Provided data
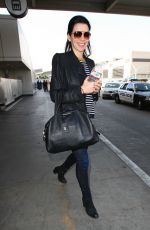 JULIANNA MARGUILES at LAX Airport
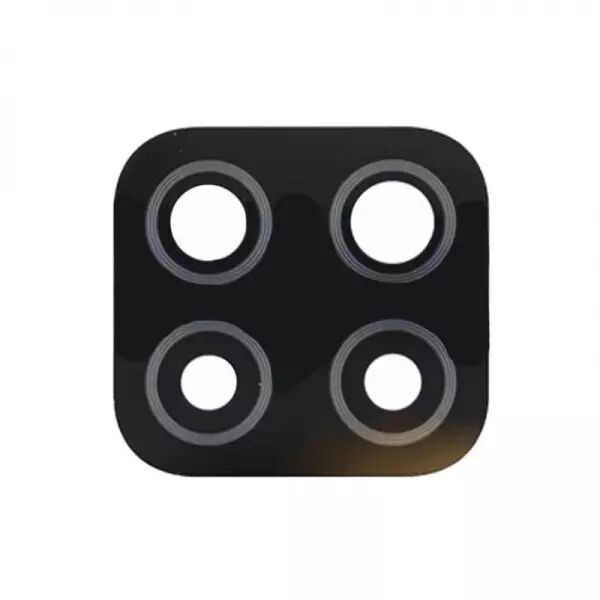 Vitre pour appareil photo pour SAMSUNG M127 Galaxy M12 noir
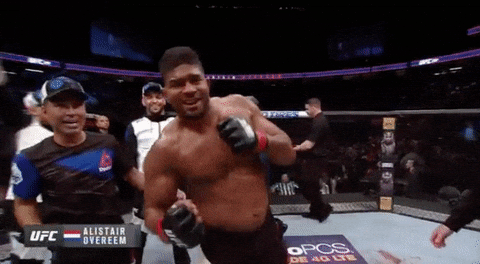 ufc 209 GIF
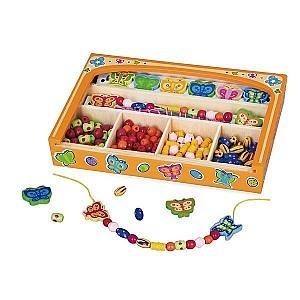 Jucarie interactiva VIGA Colier din fluturi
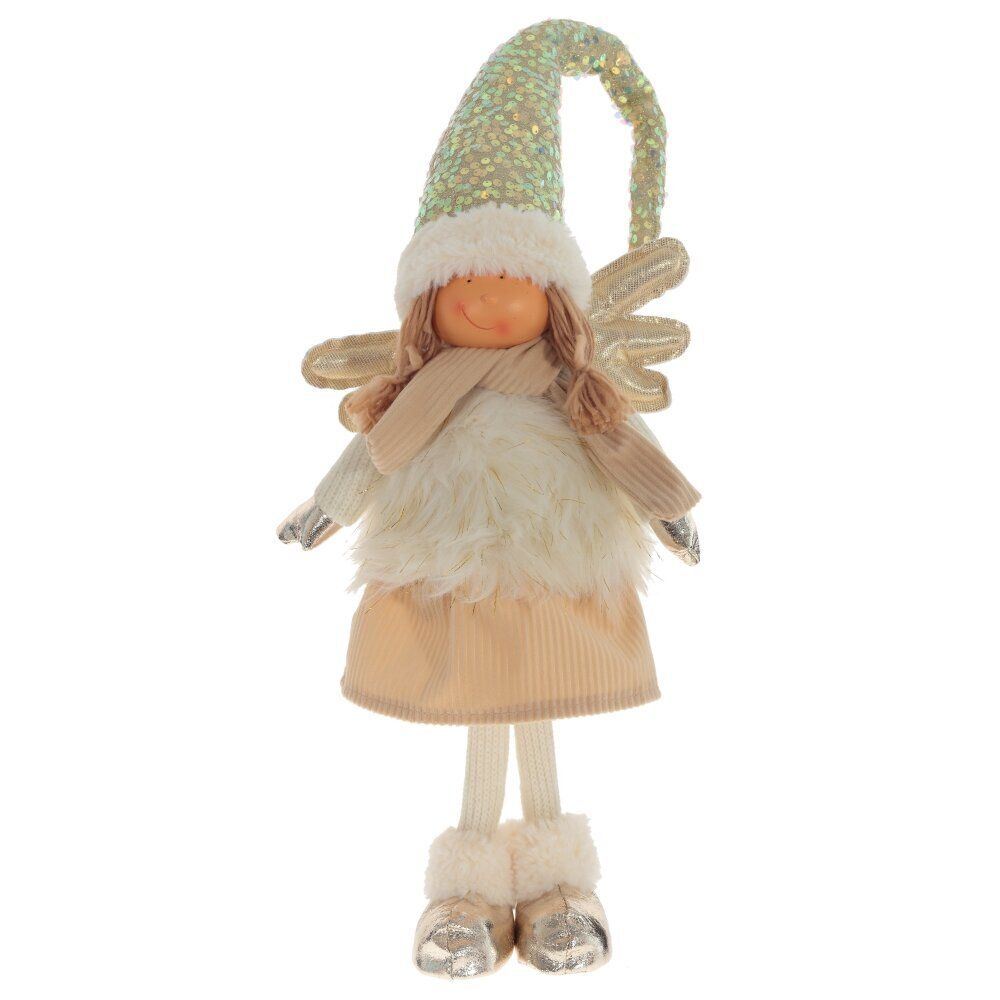 GAEM Игрушка набивная "Фея", L22 W10 H77/42 см, 2в.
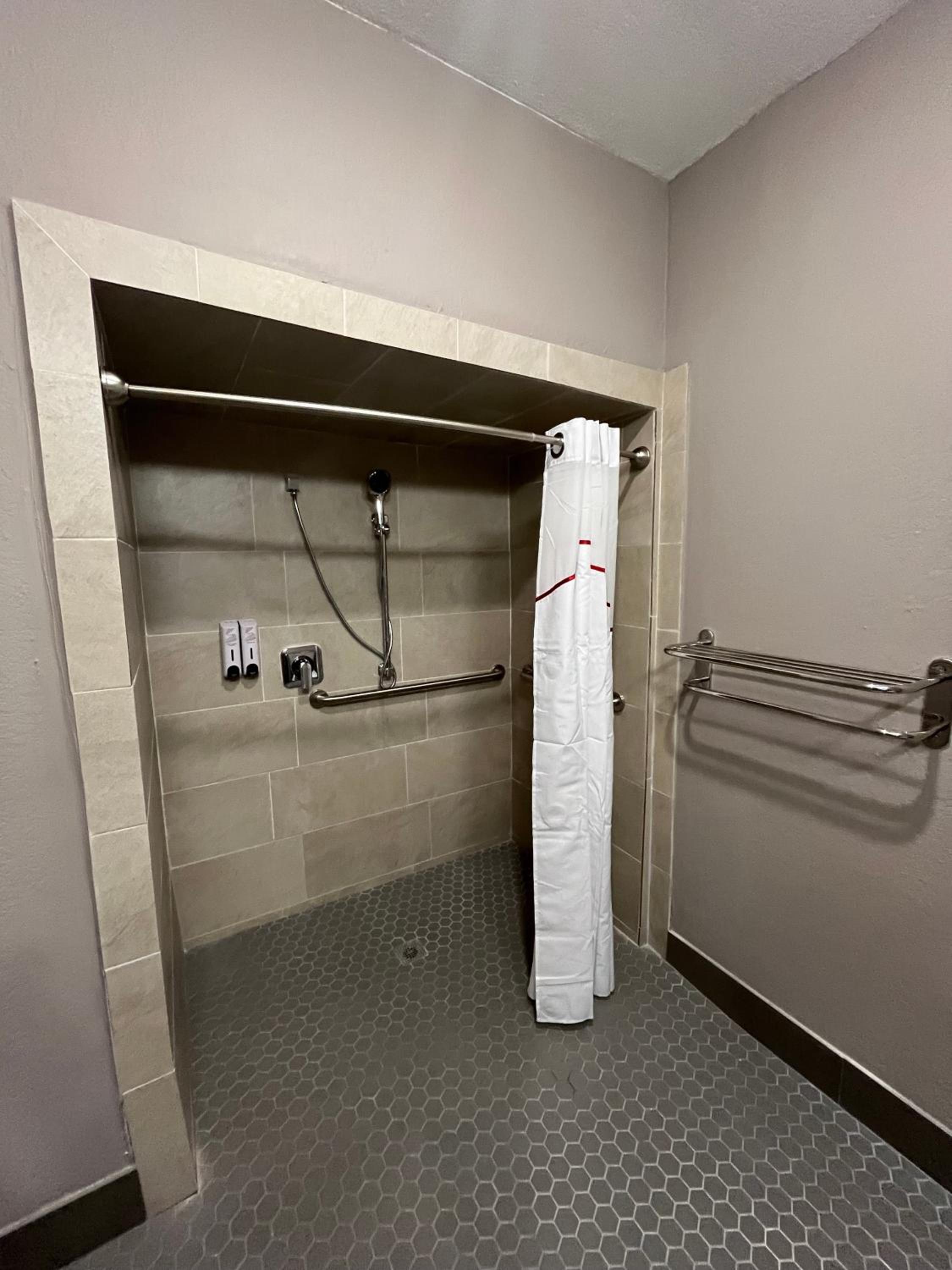 Premium King Room Disability Access Roll-In Shower Smoke Free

Work instruction
From the line containing "Jucarie interactiva VIGA Colier din fluturi" down to the final line of the material above, reproduce each line exactly and include no images.

Reply to the exercise
 Jucarie interactiva VIGA Colier din fluturi
 GAEM Игрушка набивная "Фея", L22 W10 H77/42 см, 2в.
 Premium King Room Disability Access Roll-In Shower Smoke Free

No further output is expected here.